How is the banking community coming together to resolve the procurement and onboarding process for fintech startups? The answer is ‘people’.
People are at the heart of the process when it comes to solving the process of fintech startups onboarding into big banks.
Whether it’s the folks setting up and following a dream by growing an innovative fintech, the people working tirelessly to procure and onboard solutions for their customers at legacy institutions, or the industry enablers trying to set the conditions for faster compliance and conversion of exciting young companies; they’re all people with families and a mortgage, trying to make a big impact on the financial services sector.
That’s the message that comes across loud, and very clearly, from the industry experts who are navigating the obstacles associated with getting small startups into leading banks. Layla White, CEO, and founder of TechPassport is one of the people driving change and offering a better way.
With experience as a digital and innovation procurement specialist for some of the biggest banks in the world, she is uniquely placed to understand the challenges – and solutions – to getting exposure for fintech startups, and helping them clear the very necessary hurdles that large financial institutions have in place.
White’s company, TechPassport, sits in the middle of innovation by enabling big banks to find certified startups, and startups to find certified banks. Layla says that finding mutually beneficial relationships between polar opposite companies is tough. “Everybody goes into it very personally, with a lot at stake, and when things go on hold during the onboarding process, it can be hard for leaders and innovators in startups to understand.”

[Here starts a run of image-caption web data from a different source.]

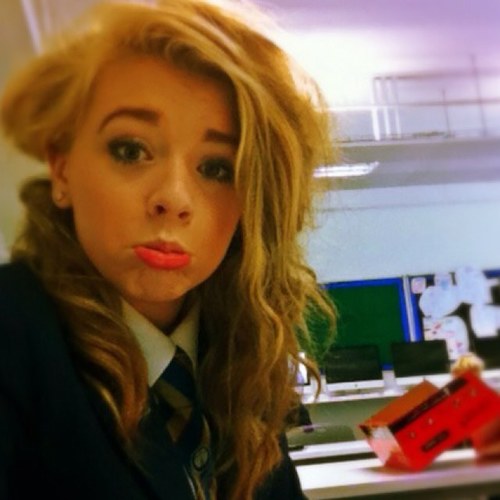 hi im paige palmer im 15 years of age, i live in hull and i love my 3 bestfriends and family x x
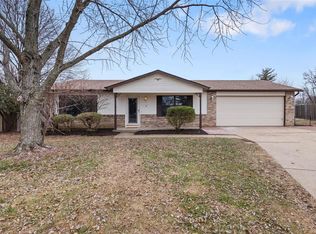 10 Kirk Ct, O'Fallon, MO 63366
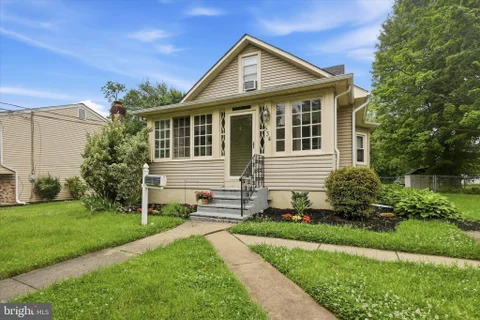 534 Buttonwood Avenue, Maple Shade, NJ MLS: NJBL2113098
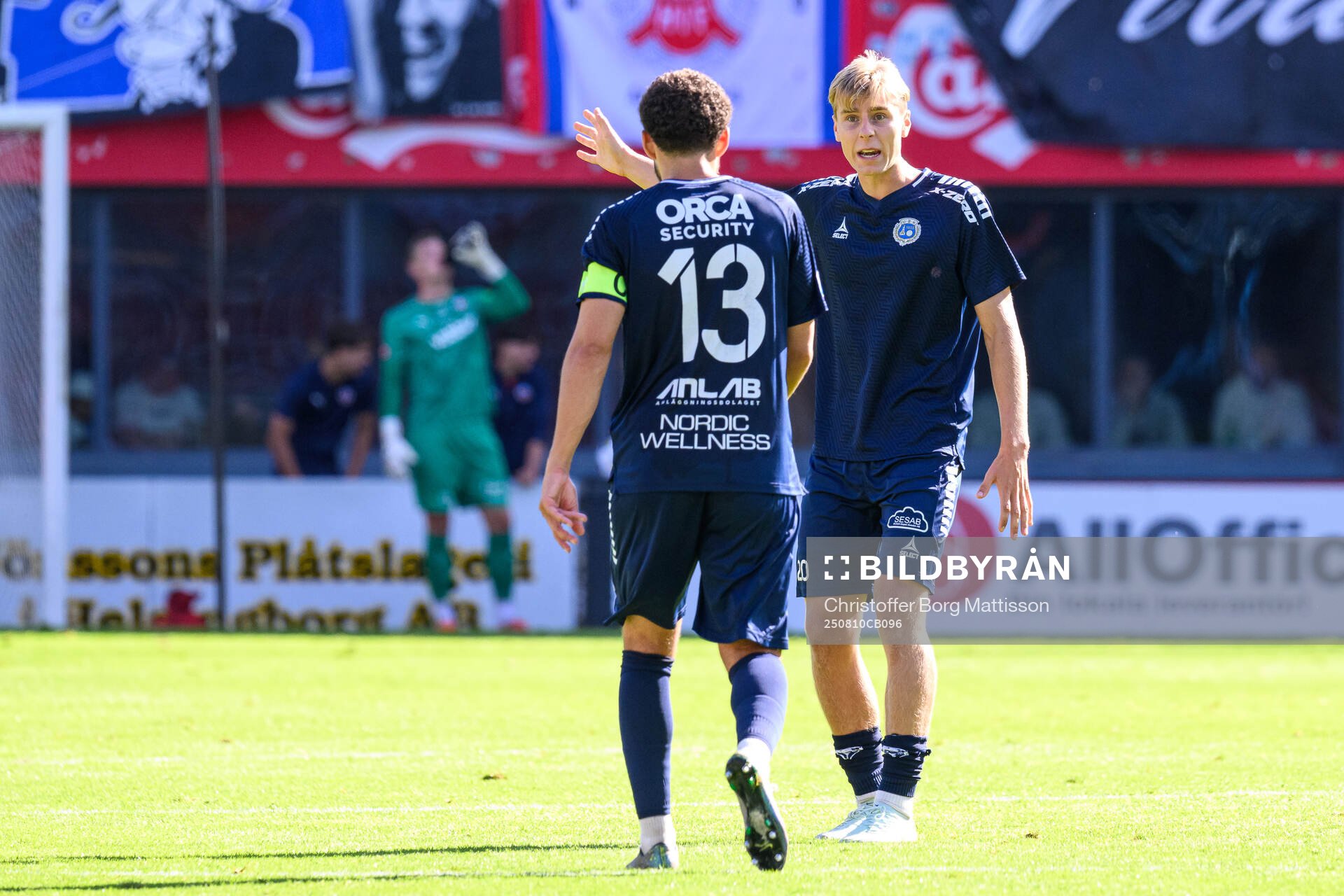 Utsiktens Malkolm Moenza och Vilhelm Gunnarsson deppar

After all, founders are a slightly different breed. “We’re probably nuts,” White says, “but progress is only made by people who push boundaries. Survival is about those who are able to adapt but we also need to be able to protect those people; they still need to be able to pay the bills.”
It’s not only founders that TechPassport seeks to assist. At the end of the day, it’s retail customers that are demanding better service, and they want it now. They want better access to their money, better access to social mobility, and better access to products. Customers are the ones that pay the bills. If you’re cumbersome and slow, those products and organisations will lose out. “We need to innovate,” Layla says.
Someone who wholeheartedly agrees is Steve Suarez, global head of innovation for global functions at HSBC. For him, it’s also about people. Speaking in his private capacity as a member of the board of advisors at TechPassport, and with a unique perspective from inside the financial services sector more generally, Steve says it’s about identifying the blockers to people getting things done and then rebuilding the processes.
“I find that if something helps streamline processes, makes it easier, makes it cheaper, and takes excuses out of the equation; people want to use that kind of innovation, and that makes it exciting,” Steve says. It comes back to people again and people need to be able to augment their day-to-day work to be more effective.
“I don’t think you will find anybody who says, ‘Hey, I’m not going to use this new technology that’s going to make me faster and better or give me an edge. I think we can use these technologies – and teach people how to use them – and show people that they can have a positive impact on their lives and the lives of other people too, and I think that’s pretty cool.”
Via TechPassport, White and Suarez are ensuring that those at the heart of fintech startups are benefiting from industry knowledge and streamlined processes that allow them to navigate and understand the onboarding requirements for big banks.
Banks are in turn working more collaboratively with one another, and with the startups themselves, to remove blockers and aid in the germination and growth of exciting technology. This ultimately benefits customers who rely on and use financial products to improve their lives.